Die brillanten Bilder, virtuos fotografiert in krassen Schwarzweiß-Kontrasten, sind wie Gemälde – jede Kameraeinstellung ein Meisterstück.
Das Drehbuch spielt zwar im Mittelalter, wirkt aber in seiner minimalistischen Eleganz absolut zeitlos und könnte eben so gut in einer postapokalyptischen Dystopie angesiedelt sein.
Die Handlung kreist stets dicht um die drei Protagonisten und dringt tief in deren Psyche ein, beleuchtet die Schattenzonen ihrer Ängste, Begierden und zerbrechlichen Hoffnungen. Damit funktioniert ONIBABA als Parabel auf das menschliche Dasein schlechthin. Die Metaphorik des Grasmeers, der entwurzelten Menschen, die ihrer Humanität immer mehr abhanden kommen und des schwarzen Lochs ist simpel, aber höchst effektiv. Der Symbolik des Susuki-Grases kommt dabei eine besondere Stellung zu: mal wirkt das wogende Grün einlullend und schmeichelnd, ein anderes Mal fungieren die Gräser als Peitschen, die das sündige Fleisch zu geißeln scheinen.
ONIBABA ist kein schöner Film. Er ist düster, deprimierend und geradezu schmerzhaft existentialistisch. Man riecht förmlich das Blut, den Schweiß, das Aas, die Scheiße. Dabei moralisiert Shindô zu keiner Sekunde des Films; er zeigt lediglich Ursachen und Wirkungen. Die Sexszenen sind für die damalige Zeit ungewöhnlich explizit und wären im westlichen Kino des Jahres 1964 völlig undenkbar gewesen.
Die Frauen werden von Nobuko Otowa (die Mutter) und der damals gerade 19jährigen Jitsuko Yoshimura (die Schwiegertochter) gespielt, der fahnenflüchtige Hachi wird von Kei Satô gegeben.
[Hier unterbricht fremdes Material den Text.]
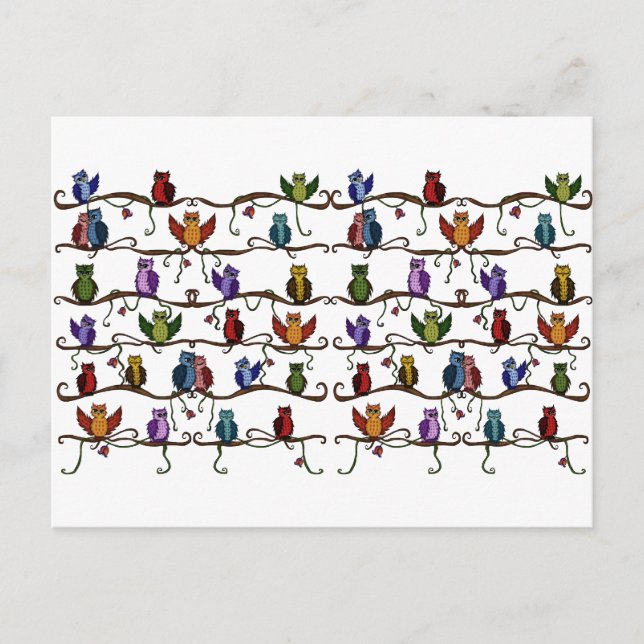 Cartão Postal corujas bonitas (Frente)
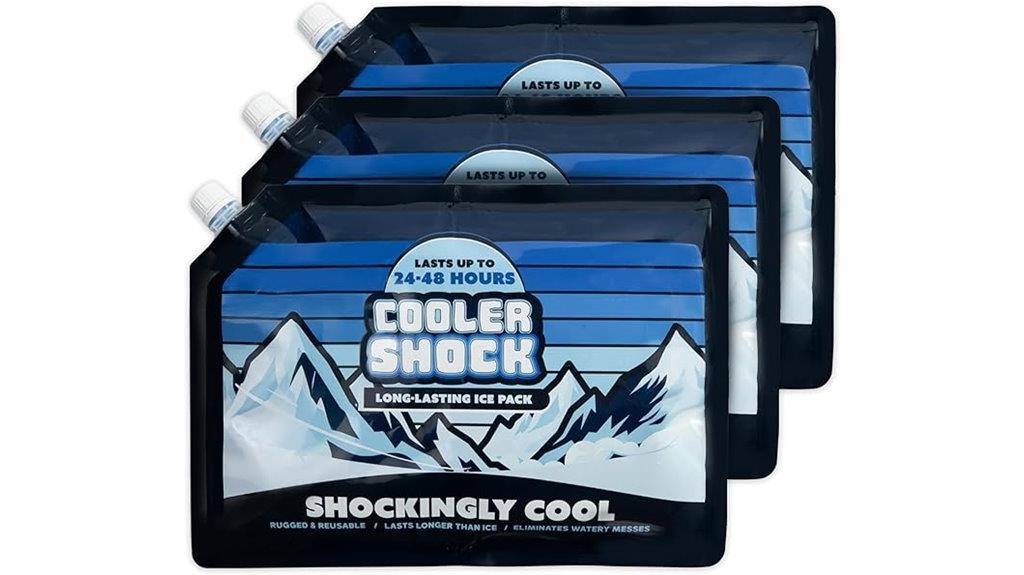 reusable cooler ice packs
Alle drei liefern hier Glanzleistungen von besonderem Format ab, speziell die dämonische Otowa weiß zu beeindrucken. Regisseur Kaneto Shindô hat in seiner Karriere über 40 Filme gedreht, leider kenne ich außer ONIBABA aber nur den hervorragenden Horrorfilm KURONEKO, in dem es ebenfalls um teuflische Weiber geht.
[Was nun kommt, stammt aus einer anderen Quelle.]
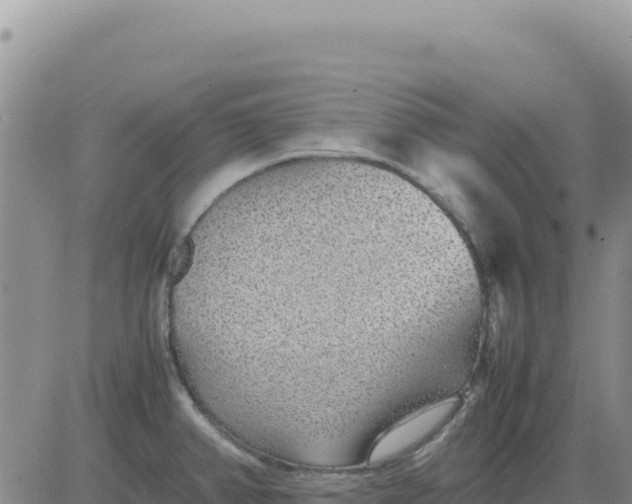 X0000080681382200612301414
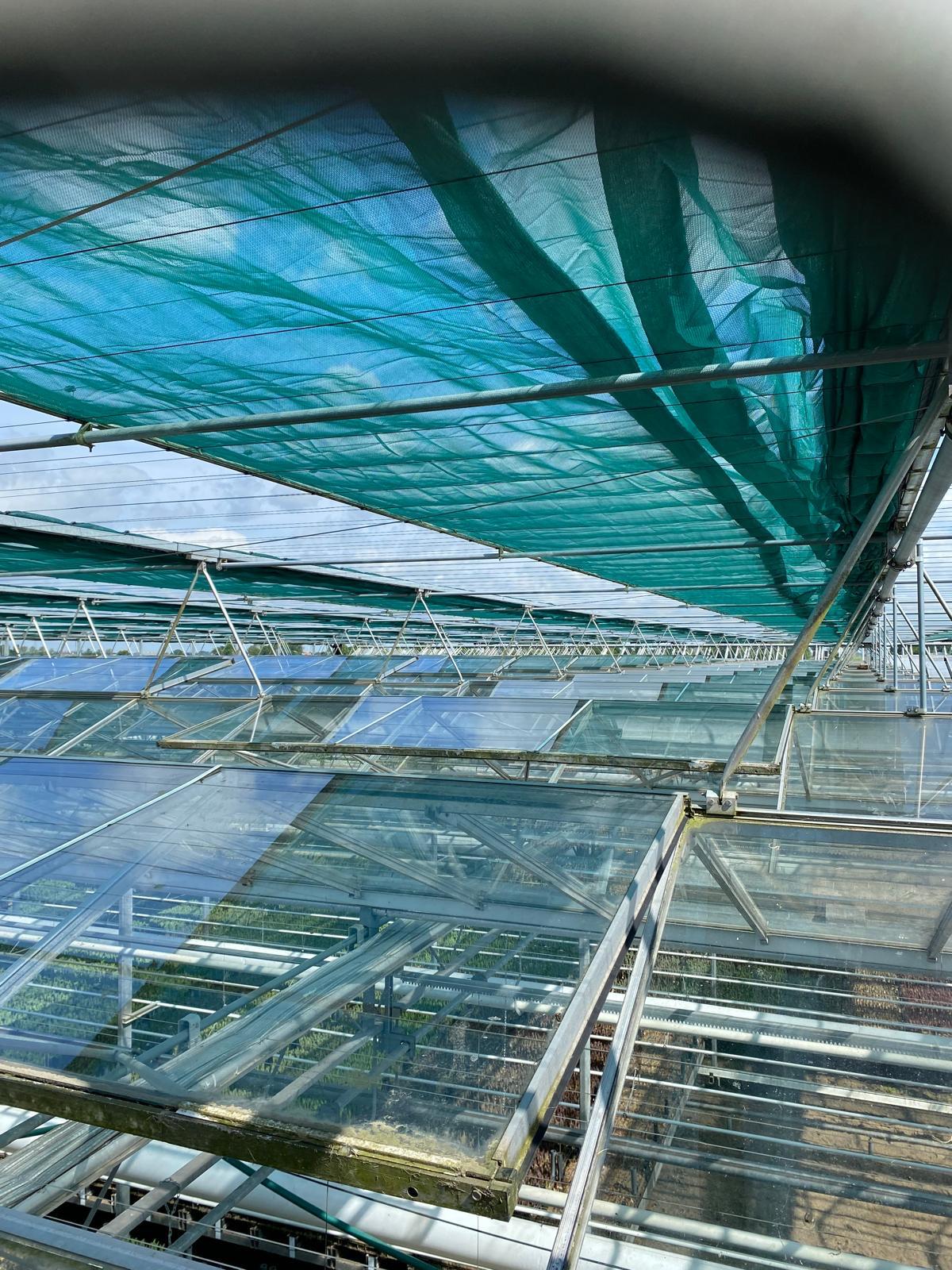 B L Tulips Huisman Screen Systems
Der Film lief meines Wissens bereits mehrfach im TV, eine deutsche DVD liegt leider nicht vor. Die derzeit beste DVD-Veröffentlichung stammt aus dem britischen Hause Eureka und bietet ein perfektes Bild, leider aber einen etwas kratzige Tonspur (OF mit optionalen engl. UT). Dazu gibt es ein sehr lesenswertes und schön gestaltetes 24-seitiges Booklet, das Bonusmaterial beinhaltet den Originaltrailer, eine Bildergalerie und einen hochinteressanten Audiokommentar, der von Shindô, Yoshimura und Satô eingesprochen wurde.